- **PROVIDED MATERIAL**:
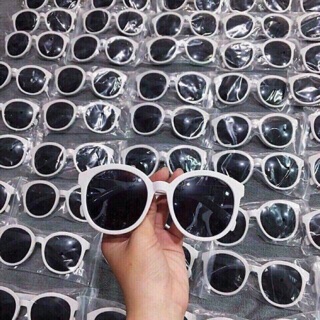 KÍNH V TRÒN TRẮNG VẠN NGƯỜI MÊ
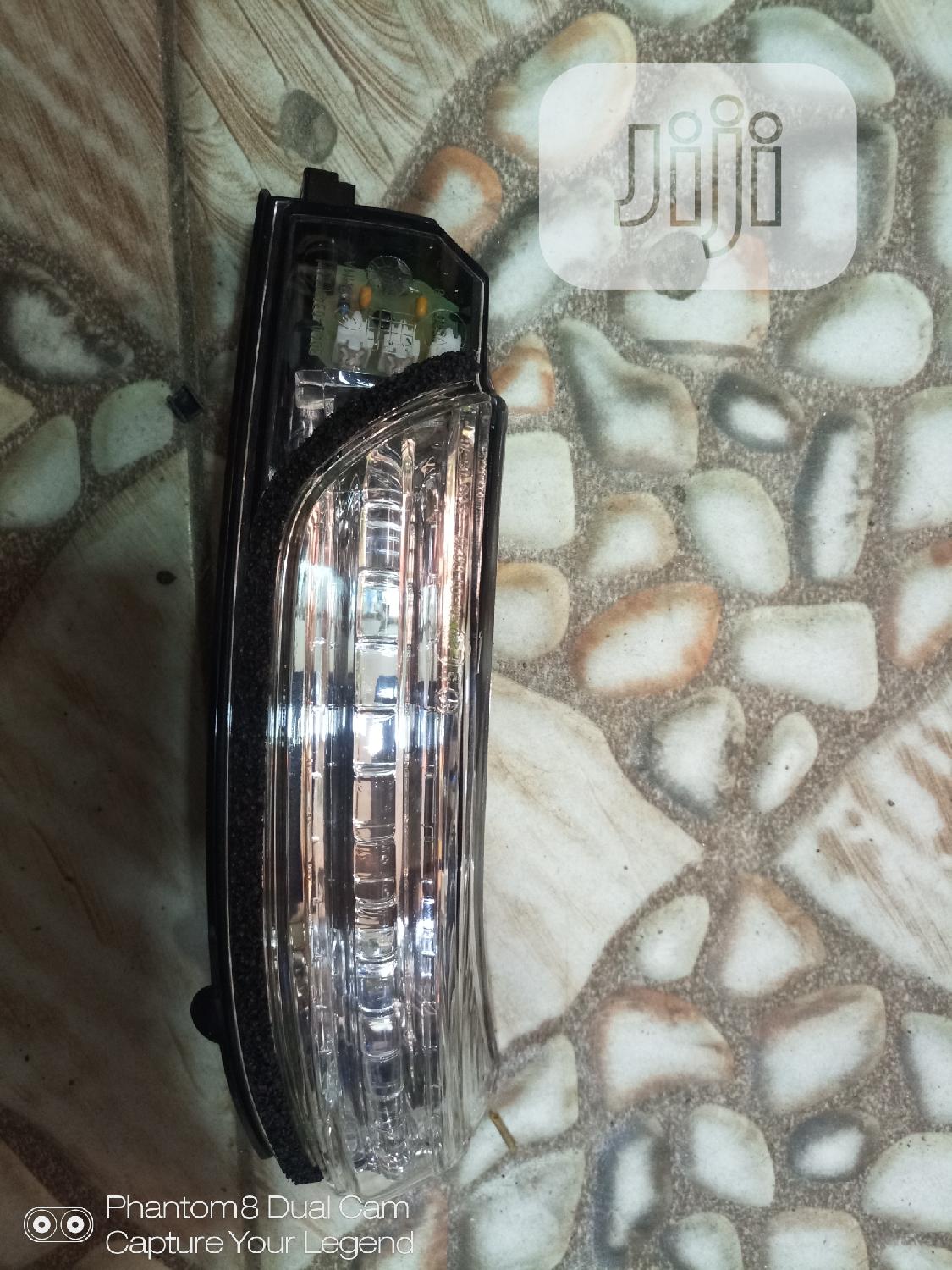 Side Mirror Pointer Toyota Avensis Original Parts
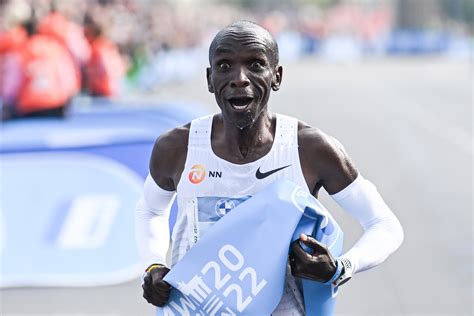 Eliud Kipchoge Drops Out Of Paris 2024 Olympic Marathon Ending His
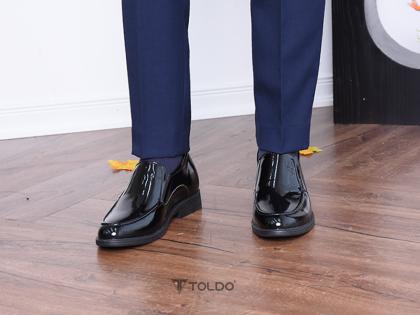 giày tăng chiều cao đen bóng cao 8cm 13.jpg
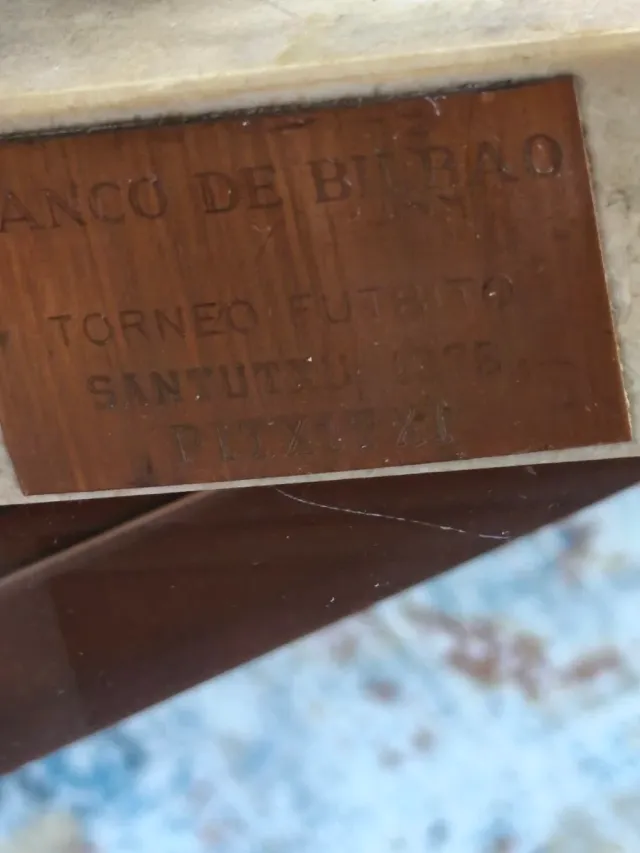 Trofeo antiguo fútbol año 79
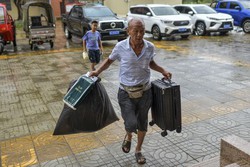 Supetufo Yagi obriga evacuao de mais de 400 mil pessoas na China (Foto: STR / CNS / AFP)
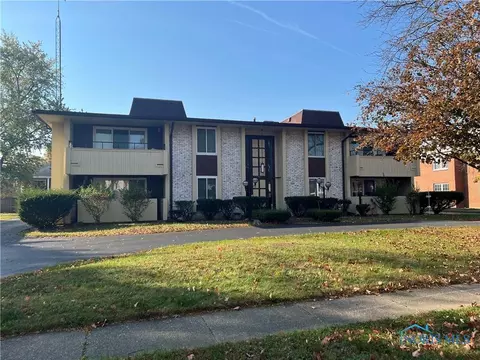 5421 Cresthaven Ln #2, Toledo, OH 43614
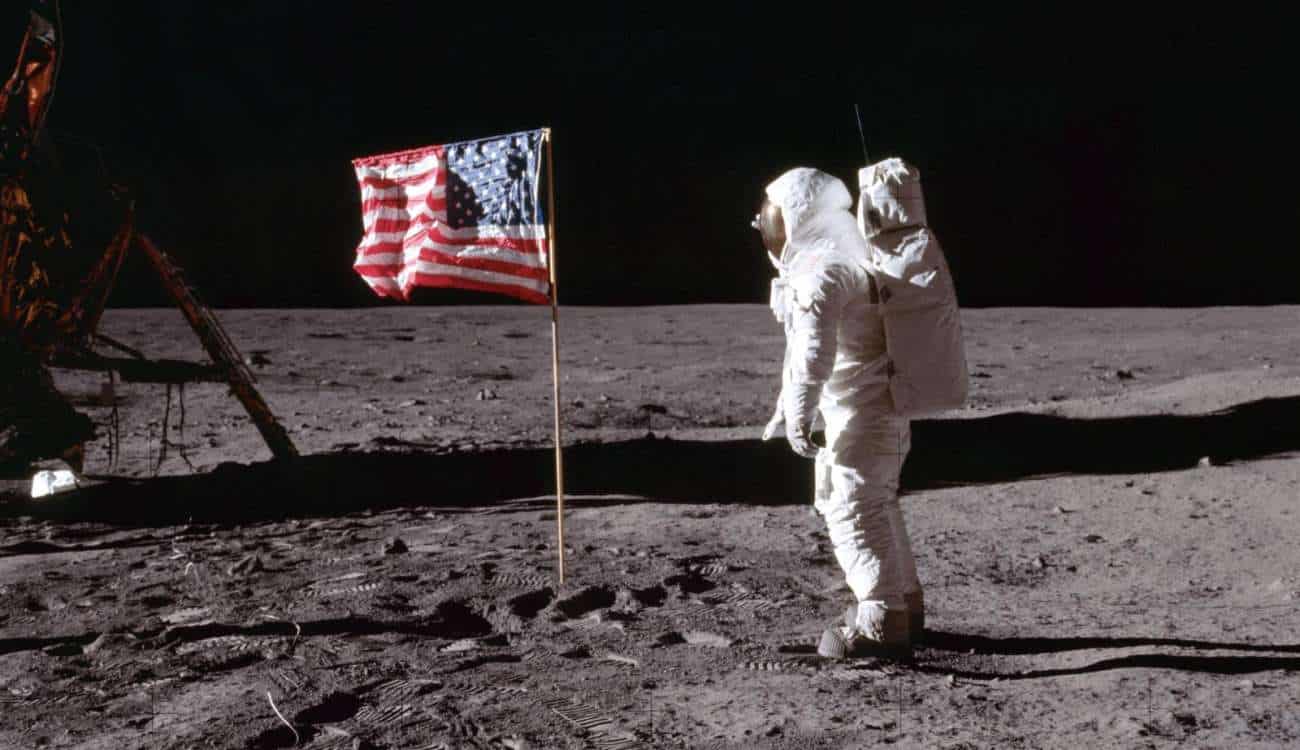 بالصور.. هكذا احتفل العالم بالذكرى الـ50 للهبوط على سطح القمر
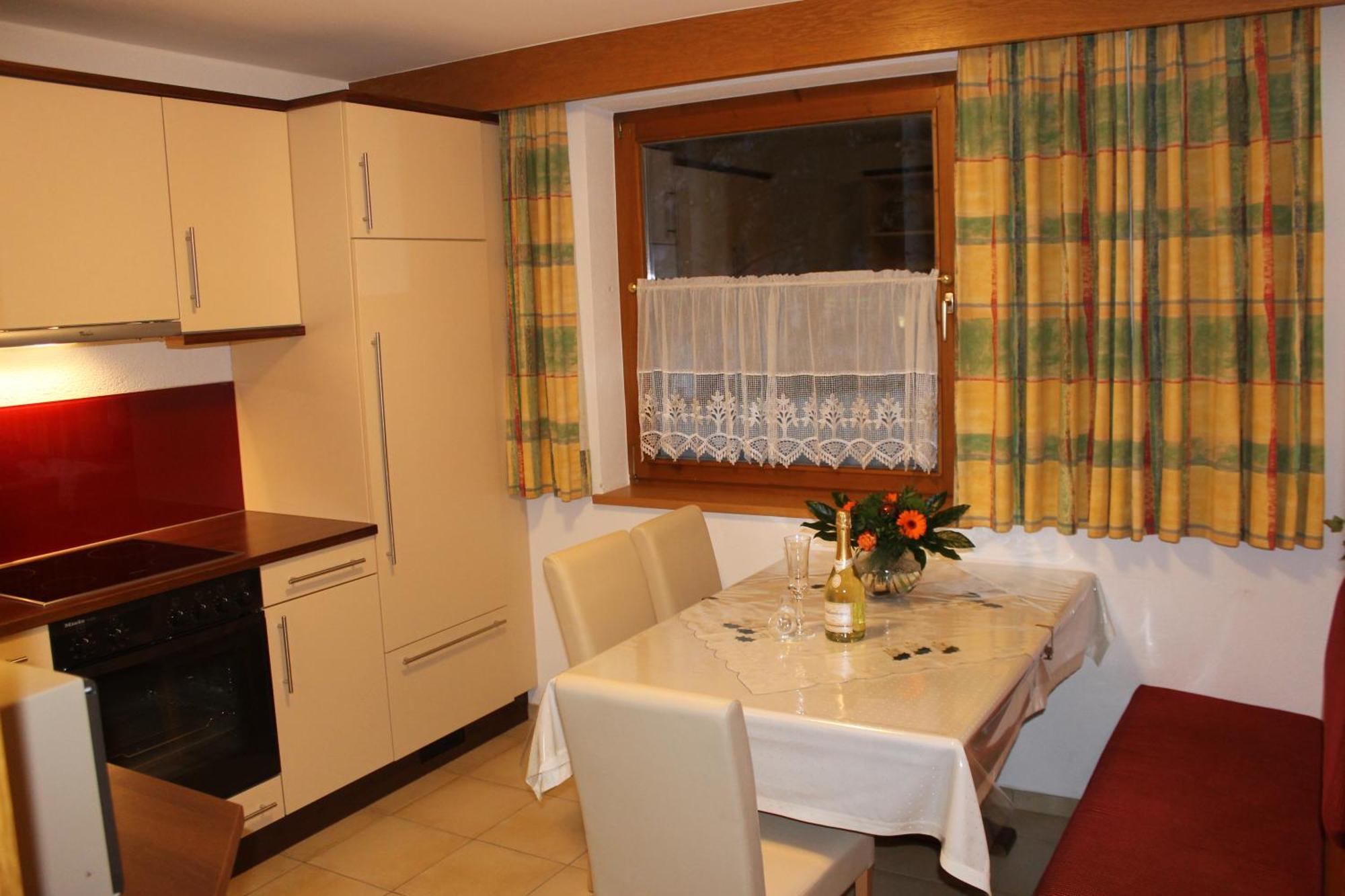 Appartements Zerzer Ried im Oberinntal Bilik gambar
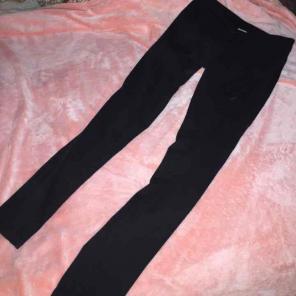 Black Skinny Jeans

- **PROBLEM DESCRIPTION**:
Retype the listing above exactly. Pictures are not part of the copy.

- **ANSWER TO THIS PROBLEM**:
 KÍNH V TRÒN TRẮNG VẠN NGƯỜI MÊ
 Side Mirror Pointer Toyota Avensis Original Parts
 Eliud Kipchoge Drops Out Of Paris 2024 Olympic Marathon Ending His
 giày tăng chiều cao đen bóng cao 8cm 13.jpg
 Trofeo antiguo fútbol año 79
 Supetufo Yagi obriga evacuao de mais de 400 mil pessoas na China (Foto: STR / CNS / AFP)
 5421 Cresthaven Ln #2, Toledo, OH 43614
 بالصور.. هكذا احتفل العالم بالذكرى الـ50 للهبوط على سطح القمر
 Appartements Zerzer Ried im Oberinntal Bilik gambar
 Black Skinny Jeans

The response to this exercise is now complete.